Baltimore: At City Hall this fall, talk was of Flamingogate
At the center of Baltimore's Flamingogate was a multistory pink flamingo made of chicken wire and bed sheets.
Stephanie Hanes
It was a standard municipal spat, Baltimore-style. It had angry First Amendment advocates and irritated small-business owners, bewildered city bureaucrats and fatigued politicians, and dozens of protesters – many wearing oversized glasses and beehive hairdos – who covered the lawn of Baltimore’s city hall with plastic pink flamingos.
Flamingogate, so-dubbed by City Hall, became the talk of the town here this fall.
At the center of it all, perhaps not surprisingly given the name, was a bird. A fake bird, in fact. A multistory pink flamingo made of chicken wire and bed sheets that had long graced the outside of Cafe Hon, a restaurant in the city’s quirky Hampden neighborhood.
Now, as background, this restaurant is a proclaimed monument to John Waters-style Baltimore kitsch. (“Hon,” for the uninitiated, being the ubiquitous sentence suffix in some parts of this city. As in “Howya doin’, hon?” Or, “J’eet yet, hon?”). And while some locals grumble that owner Denise Whiting has yuppified their style, she is still widely regarded as the city’s queen of camp.
The controversy started when Whiting received notice from the city that she would have to pay a $1,300 fee, plus $800 every year, to keep the flamingo in its perch – a sort of penalty for the bird taking up public space. Unwilling to pay this new expense, she started dismantling the creature.

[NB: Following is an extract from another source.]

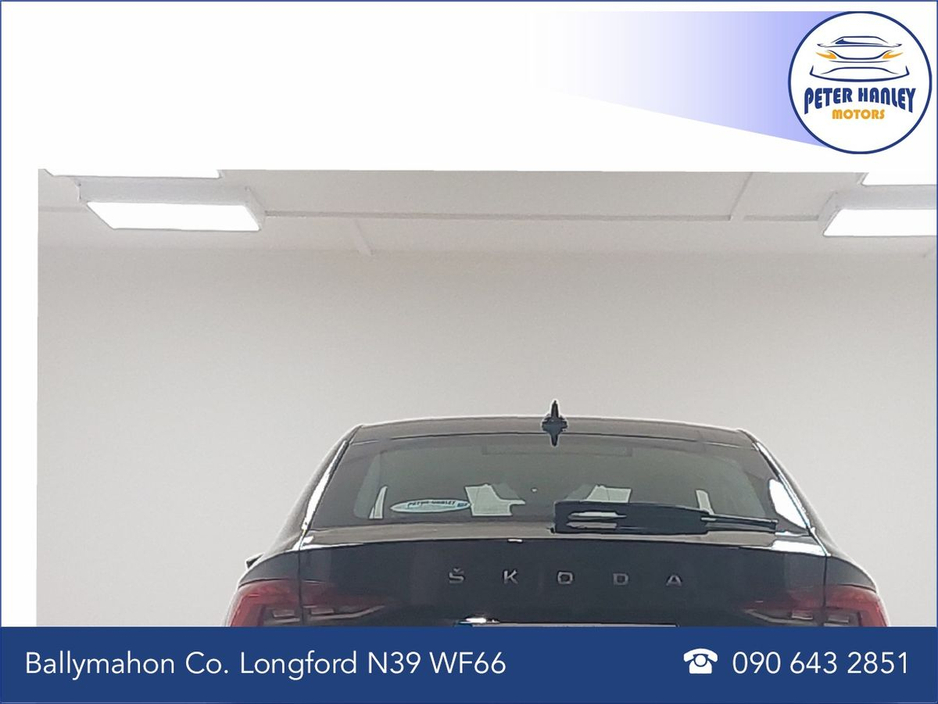 2024 Skoda Octavia OCTAVIA AMB 2.0TDI 115HP €29,450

But public outcry ensued. For a city that prides itself on quirk – and on being the capital of self-proclaimed Birdland (lukewarm thanks here to Orioles baseball and Ravens football) – many saw the newly required permit as downright hostile.
Protesters organized. They started a “Give Baltimore the Bird” group on Facebook and a “Flock to City Hall” protest. The police commissioner voiced his support for the flamingo. So did the mayor. Local media followed the events relentlessly. And eventually, Mayor Sheila Dixon and Ms. Whiting appeared together on a radio show and hammered out a compromise.
The fees were lowered; the bird – or a new fiberglass version of it – would be reinstated. And Baltimore breathed a sigh of relief.